[Entries supplied]

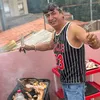 beniortega1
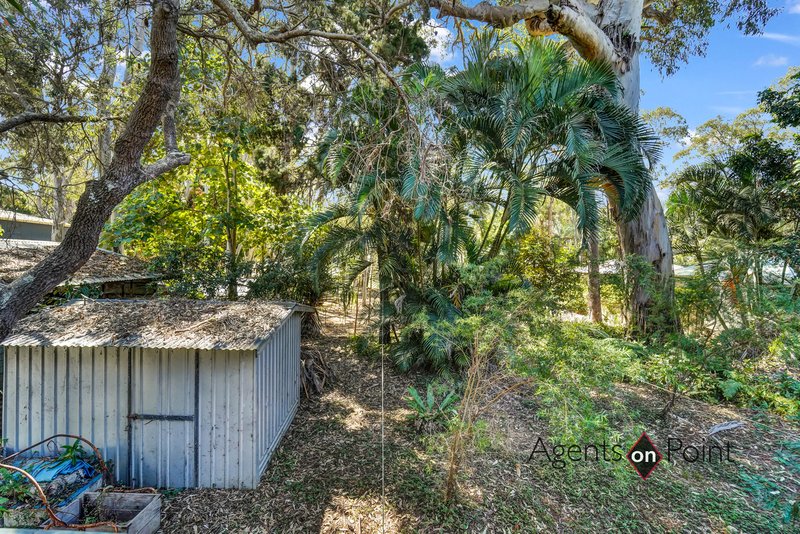 Photo - 26 Victoria Parade West , Coochiemudlo Island QLD 4184 - Image 18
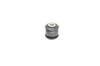 BSG 25-700-045 - Salincak Burcu - Fiat Ducato Iii Boxer Iii Jumper Iii
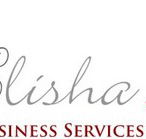 Elisha James Business Services  Accountants - Accountants Canberra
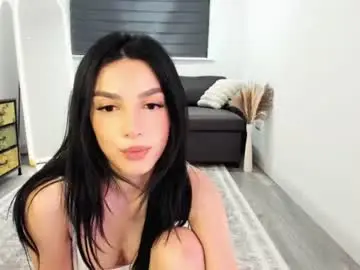 Chaturbate Private Sex Chat of bandita_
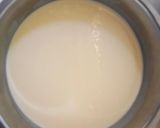 Foto langkah ke 1 dari resep Kue kembang Goyang.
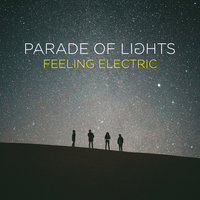 Parade Of Lights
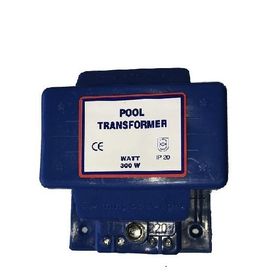 Pool Light 220-12V 300W Havuz Lamba Trafosu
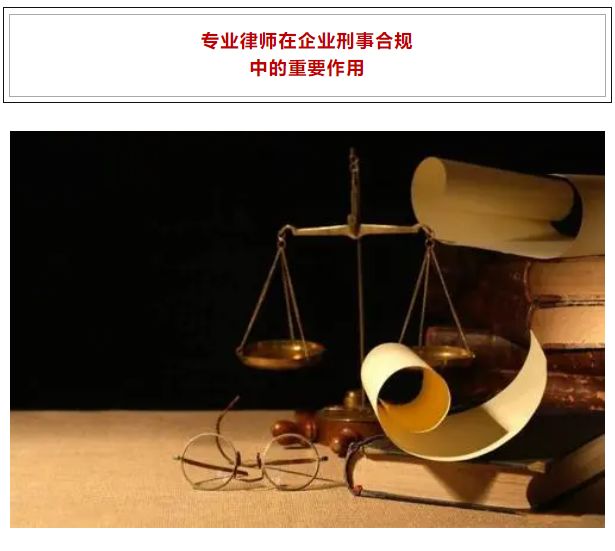 中国律师已突破52.2万人，律师事务所有3.4万多家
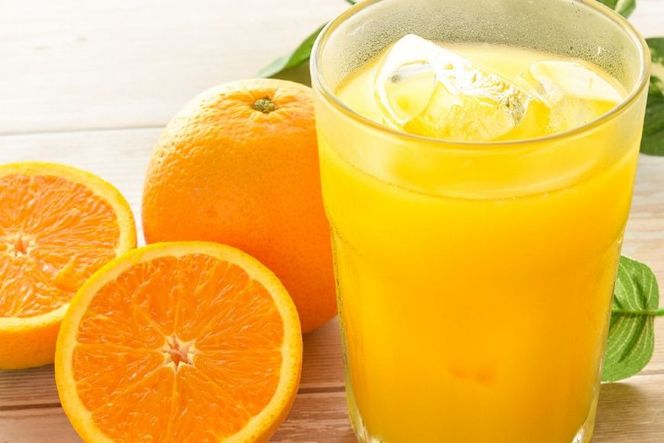 【愛媛県産】田縁農園の無添加100% 河内晩柑ジュース（720ml×3本） ストレート果汁100％ IKTA014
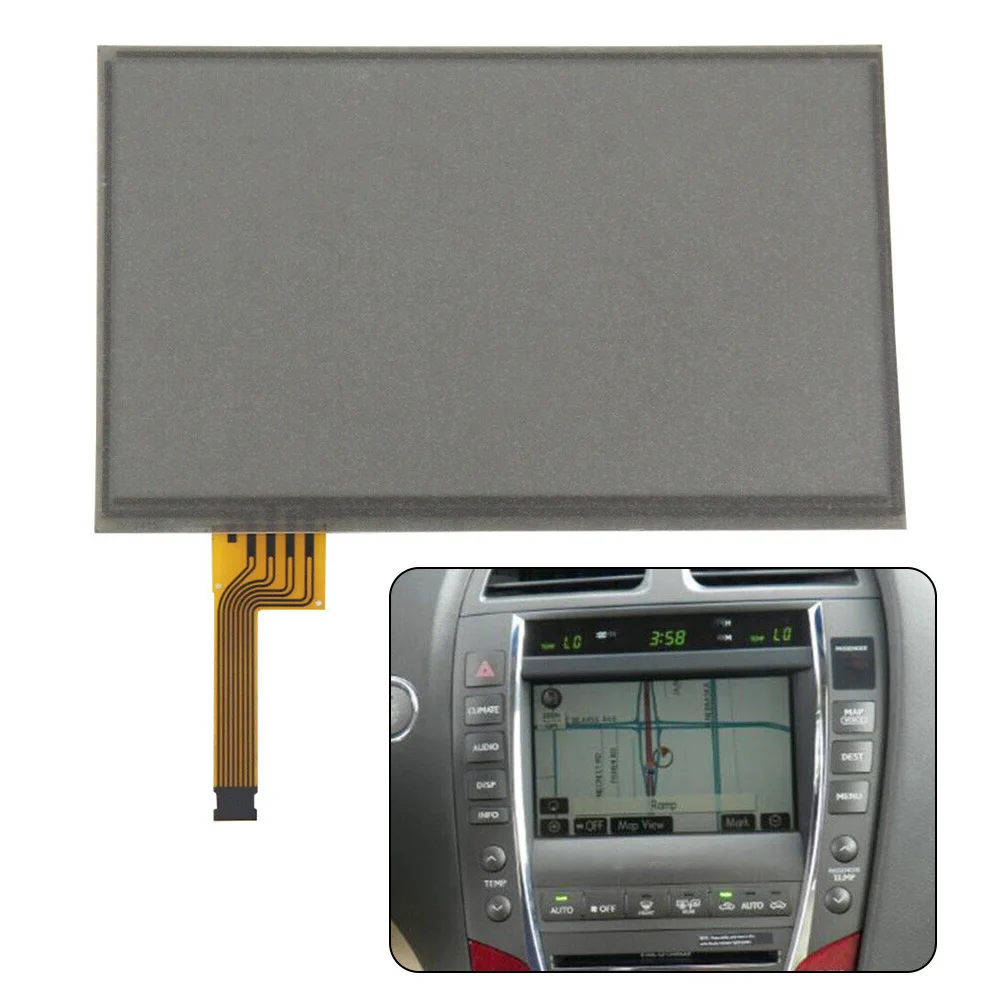  Ƽ 7  Ÿ ü,  ES240 ES350 NAV GPS  06 09, Ź ġ 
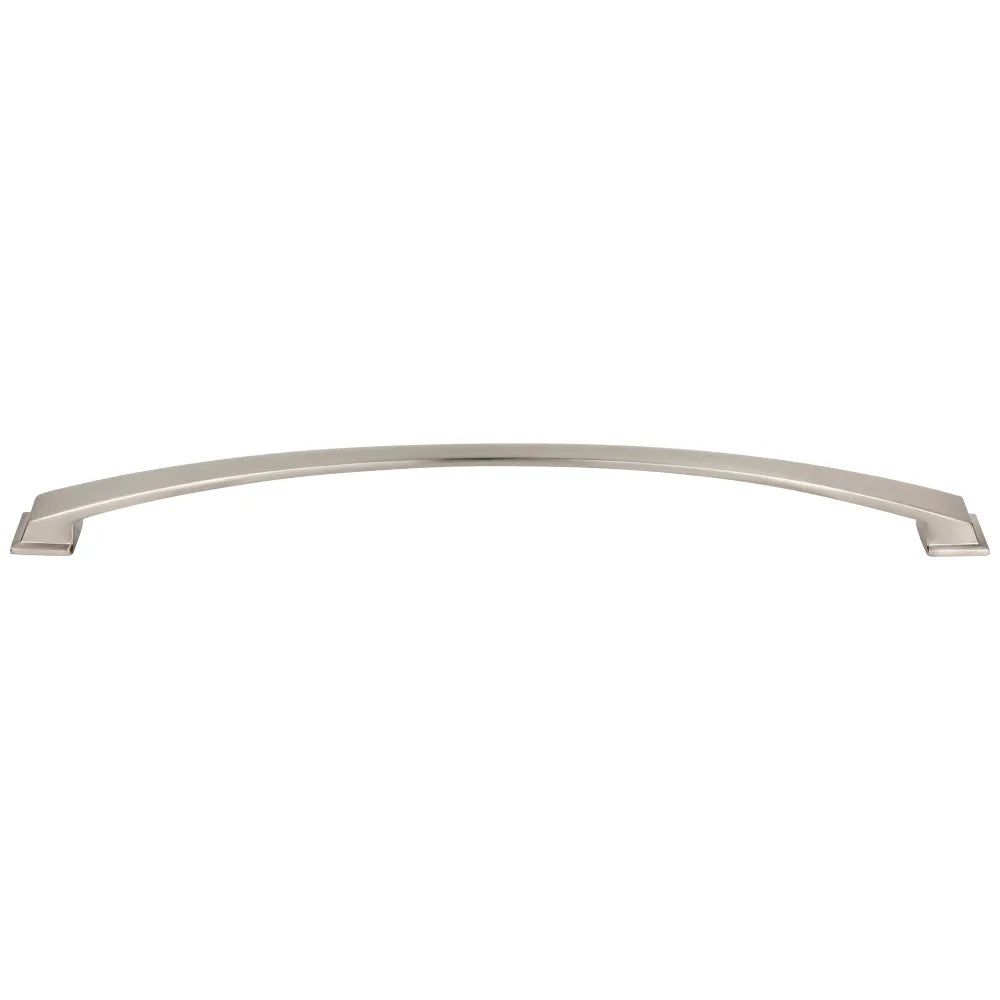 Jeffrey Alexander Roman Handle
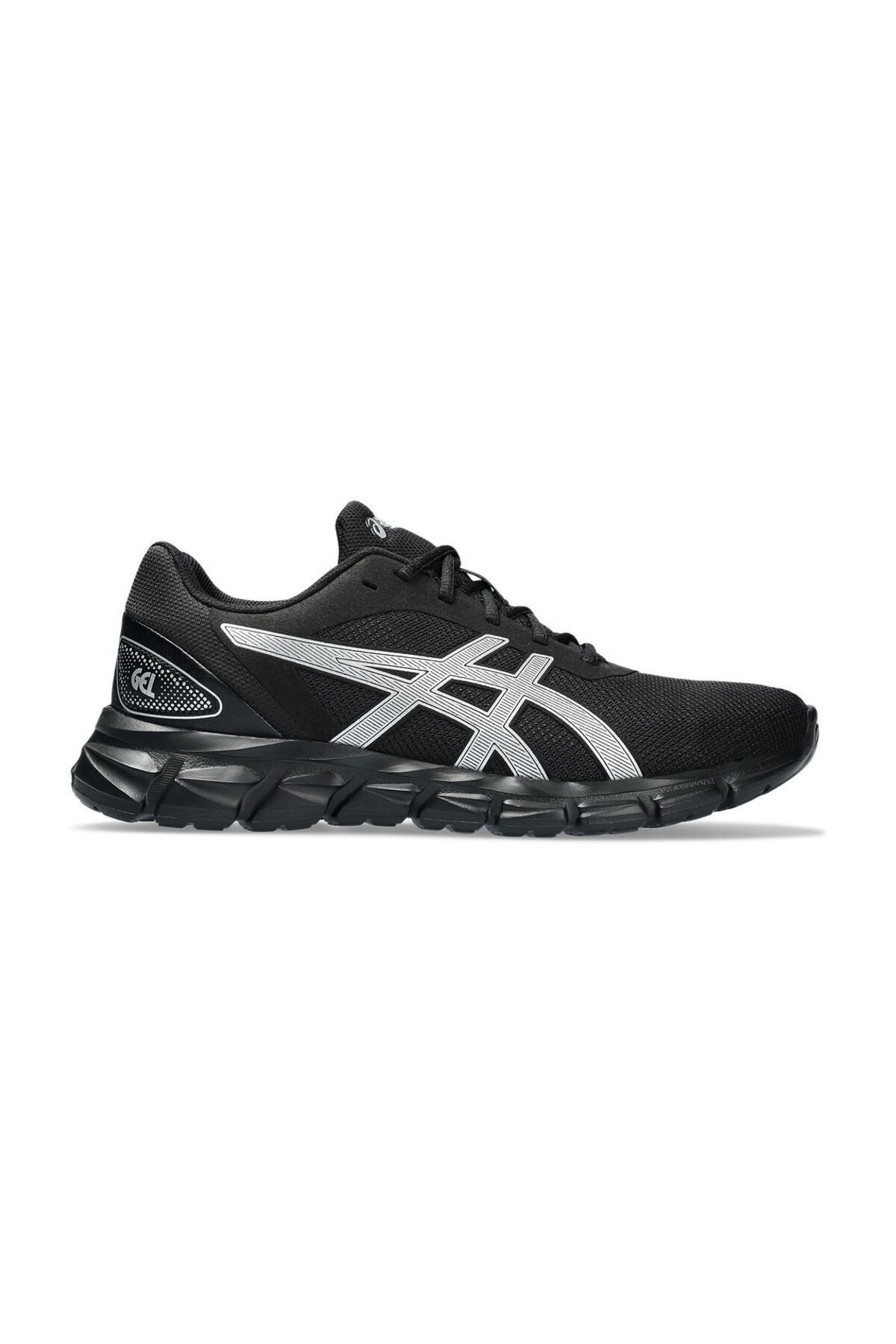 Asics Gel-Quantum Lyte Ii - Buty hotelowe z wysokim stanem
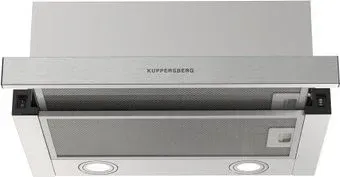 KUPPERSBERG Slimhit 50 X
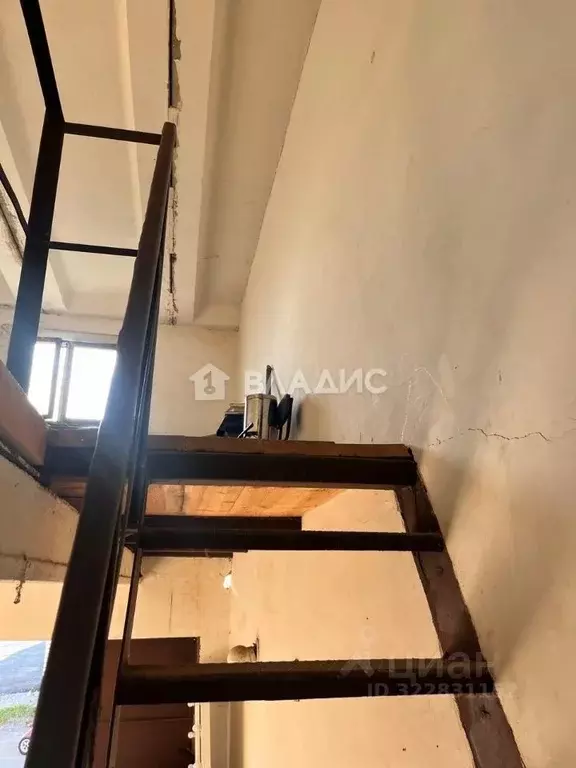 Гараж в Марий Эл, Йошкар-Ола ГСК Алат тер., 216 (20 м) - Фото 1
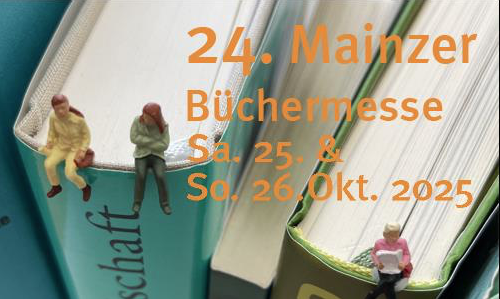 Wir sind in Mainz 20250805152641_Mainzer-Bu-chermesse.2025.2_690x0-aspect-wr.png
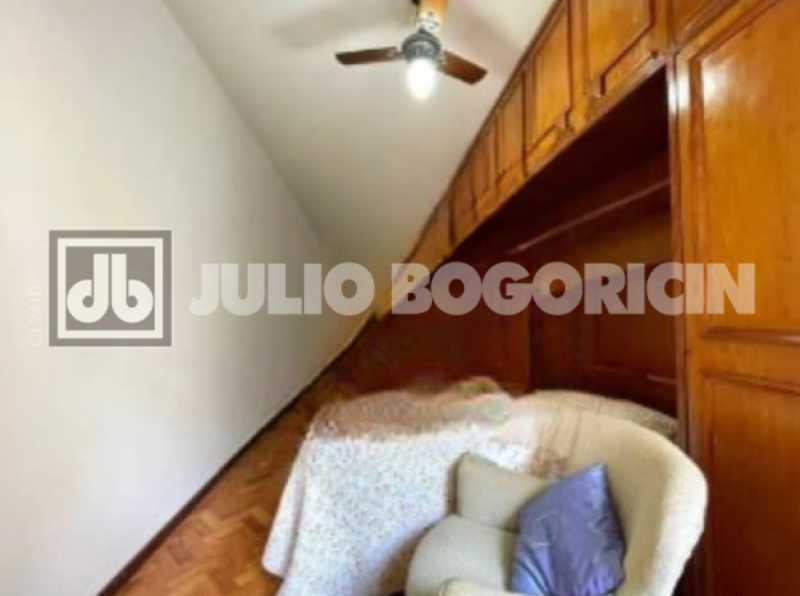 WhatsApp Image 2025-05-27 at 1 - 9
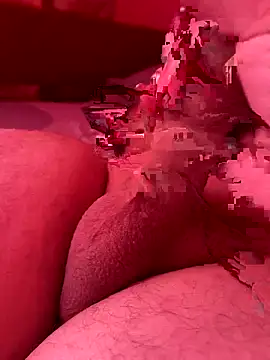 Celine Seybell online show from October 25, 2025, 10:45 am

[Your instructions] Could you output the full set of entries exactly, skipping every picture?

[Solution to this exercise]
 beniortega1
 Photo - 26 Victoria Parade West , Coochiemudlo Island QLD 4184 - Image 18
 BSG 25-700-045 - Salincak Burcu - Fiat Ducato Iii Boxer Iii Jumper Iii
 Elisha James Business Services  Accountants - Accountants Canberra
 Chaturbate Private Sex Chat of bandita_
 Foto langkah ke 1 dari resep Kue kembang Goyang.
 Parade Of Lights
 Pool Light 220-12V 300W Havuz Lamba Trafosu
 中国律师已突破52.2万人，律师事务所有3.4万多家
 【愛媛県産】田縁農園の無添加100% 河内晩柑ジュース（720ml×3本） ストレート果汁100％ IKTA014
  Ƽ 7  Ÿ ü,  ES240 ES350 NAV GPS  06 09, Ź ġ 
 Jeffrey Alexander Roman Handle
 Asics Gel-Quantum Lyte Ii - Buty hotelowe z wysokim stanem
 KUPPERSBERG Slimhit 50 X
 Гараж в Марий Эл, Йошкар-Ола ГСК Алат тер., 216 (20 м) - Фото 1
 Wir sind in Mainz 20250805152641_Mainzer-Bu-chermesse.2025.2_690x0-aspect-wr.png
 WhatsApp Image 2025-05-27 at 1 - 9
 Celine Seybell online show from October 25, 2025, 10:45 am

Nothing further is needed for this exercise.